Era ora che Matteo Renzi abbandonasse la rottamazione e passasse alle idee. Non che fino adesso non abbia parlato delle seconde, anzi, ma di lui è rimasta impressa solo la prima, dando così adito a molti di ironizzare o presumere sull’assenza di un programma concreto.
Programma che invece rappresenta la vera innovazione del sindaco di Firenze, non tanto (o non solo) per i contenuti, quanto piuttosto per la natura della sua composizione. Un testo definito, ma “in fieri”, dove i punti sono stati stilati e sviluppati da Renzi e il suo staff, ma verranno integrati e modificati dai comitati di cittadini sorti in suo appoggio. E’ questa la vera rottamazione della politica tradizionale: chiunque può partecipare alla creazione del programma.
Dei comitati pro-Renzi fanno parte persone di tutte le età, non solo trentenni, che si riuniscono per discutere il testo proposto dal sindaco di Firenze, correggendone lacune e affrontandone criticamente le tematiche. Ciascuno per la propria competenza, con il proprio bagaglio d’esperienza nella vita quotidiana. Le proposte vengono inviate al comitato centrale, che le organizza e seleziona eliminando doppioni e inadeguatezze. Sarà poi Renzi col suo staff, organizzato per settori di competenze, a chiudere il lavoro, redigendo il programma definitivo con le revisioni giunte dai comitati di tutto il Paese. E la Leopolda sarà probabilmente la sede della presentazione.
Questo, in buona sintesi, è quanto accade nel backstage del mondo renziano. La retorica della rottamazione, come da lui stesso sintetizzato, ha permesso allo sfidante di Bersani di crearsi un’identità e di assumere credibilità di fronte agli italiani stanchi delle solite facce. Ma i problemi del Paese non sono fisiognomici e arriva un momento in cui la gente vuole vedere cosa c’è dentro un contenitore che ha attirato il loro interesse. E quando una sostanza c’è è bene mostrarla, per non permettere che quell’attenzione venga dispersa o, peggio, si trasformi nell’ennesima delusione.
Ben venga dunque anche per questo il passo indietro di Veltroni, perché il dibattito che ha scatenato nel Pd è stata la scintilla che ha permesso a Renzi di accantonare la rottamazione.
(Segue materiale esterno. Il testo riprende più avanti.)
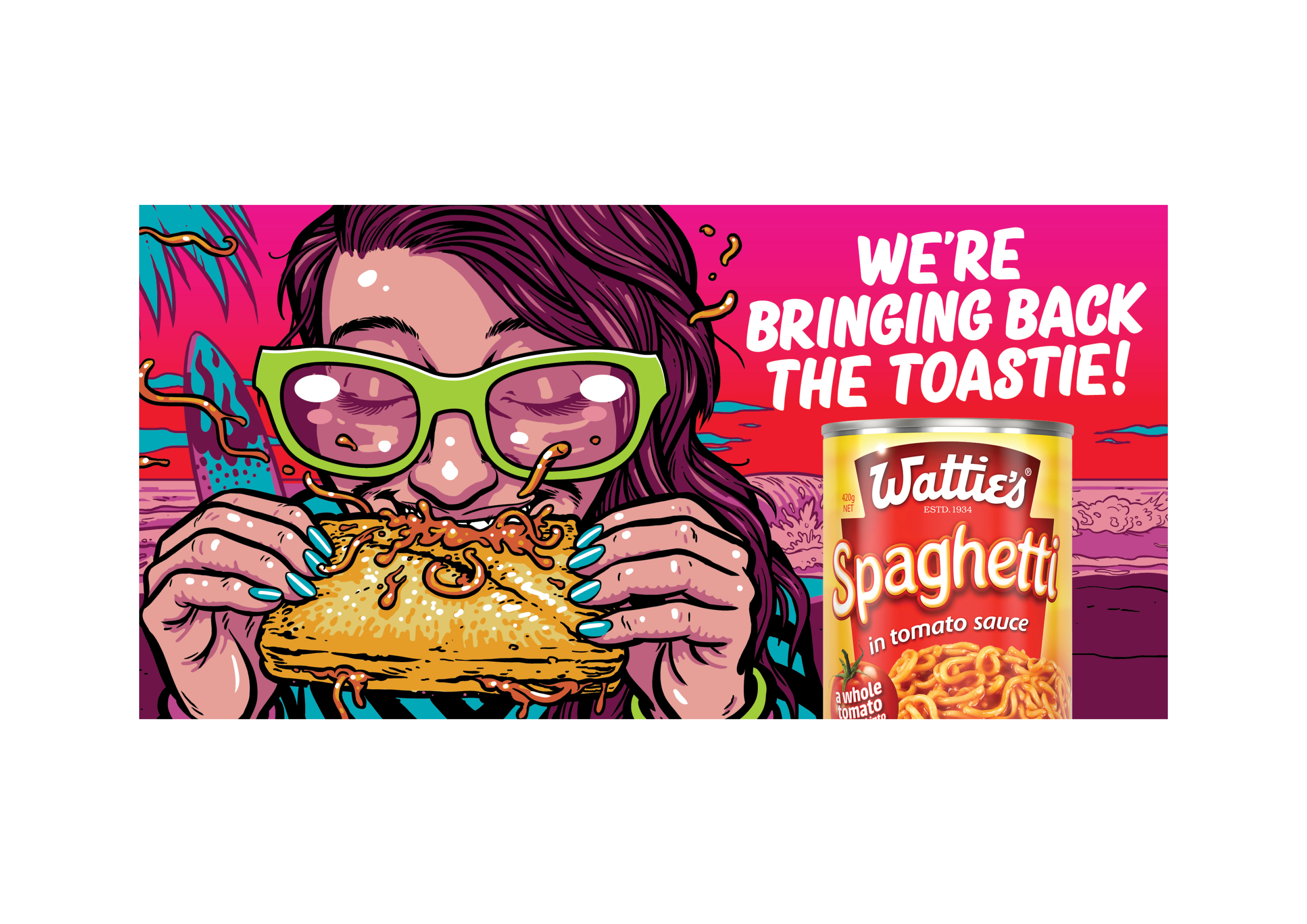 Wattie’s and The Business Marketing Group re-introduce the toastie to new generation of Kiwis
La melina di D’Alema è stato il pretesto conclusivo per il sindaco di Firenze, che ha voluto intendere anche questa come “passo indietro”, nonostante di ciò non si tratti. Non gli sarà sicuramente sfuggita la condizione posta dal presidente del Copasir: “se Bersani vince mi ritiro, ma se vince Renzi darò battaglia”. Ergo, o Renzi dà per scontato di perdere le primarie oppure crede che la rottamazione reale raggiungerà il suo scopo solo vincendole. Perché, c’è da chiedersi, la lotta di D’Alema si scatenerebbe dentro o fuori rispetto allo schieramento del Pd?